Pasaron unos pocos años y la casualidad quiso que una tarde que estaba en casa escribiendo, ya descubierta mi pasión por la literatura y el oficio de escritor, pusiera el televisor para darme un pequeño descanso. Paseando por los canales fui a parar a la retransmisión del Giro de Italia. Y me enganché de nuevo, como esa adicción de la que se debe estar lo más alejado posible pero en la que es tan fácil recaer. Nunca había visto el Giro, pues sólo me consideraba seguidor del Tour por varios factores (era el único que echaban cada año en televisión, tenía más horas disponibles por ser verano, más predisposición, en definitiva) y me sorprendió muy gratamente. Después de que terminara la competición (no recuerdo quién ganó) estuve investigando un poco a través de la prensa por pura curiosidad. Vi que se habían hecho grandes purgas y que los mecanismos de detección del dopaje parecían ser más estrictas. Decidí darle una segunda oportunidad. Creo que no me he equivocado.

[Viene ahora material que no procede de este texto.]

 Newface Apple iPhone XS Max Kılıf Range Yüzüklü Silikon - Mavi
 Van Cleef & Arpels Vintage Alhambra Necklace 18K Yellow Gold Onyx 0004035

Ahora sigo las tres grandes vueltas: Giro, Tour y Vuelta. Si consigo enganchar alguna clásica también la veo, aunque admito que soy algo sibarita y sólo me concentro en las rondas de tres semanas. No veo todas las etapas al completo, pero disfruto viendo cómo terminan después de comer y hacer algo de deporte. Si uno lo piensa de una manera fría, tal vez ver ciclismo por televisión sea de las cosas más estúpidas que se puede hacer si uno se considera amante del deporte: ver a unos tíos ir en bicicleta de un lado a otro, sin que durante horas pasen muchas cosas, y que hasta las rectas finales, no haya algo de emoción… No parece, a priori, una afición apasionante. Pero lo cierto es que a medida que uno se mete en el mundo empieza a comprender ciertos aspectos que pueden pasar desapercibidos para un espectador novato u ocasional. Y cuando algunas piezas se muestran ante ti todo lo que ves en conjunto toma otro cariz y se vuelve muy entretenido y más estratégico de lo que parece.
Mención aparte son los comentaristas. Sin ser un gran fan de alguno de ellos he de admitir que retransmitir durante cuatro horas de manera diaria a lo largo de tres semanas es toda una proeza, porque yo no sería capaz. Si fuera comentarista de las vueltas ciclistas mis silencios serían tan largos que algunos espectadores creerían que he muerto en directo.
En definitiva, me he convertido en mi abuelo. Las ruedas, los esprints en meta, las titánicas escaladas por empinadas carreteras… Todo ese mundo ya forma parte indivisible de mis veranos.
¿Sabéis lo más irónico de todo? Apenas sé ir en bicicleta.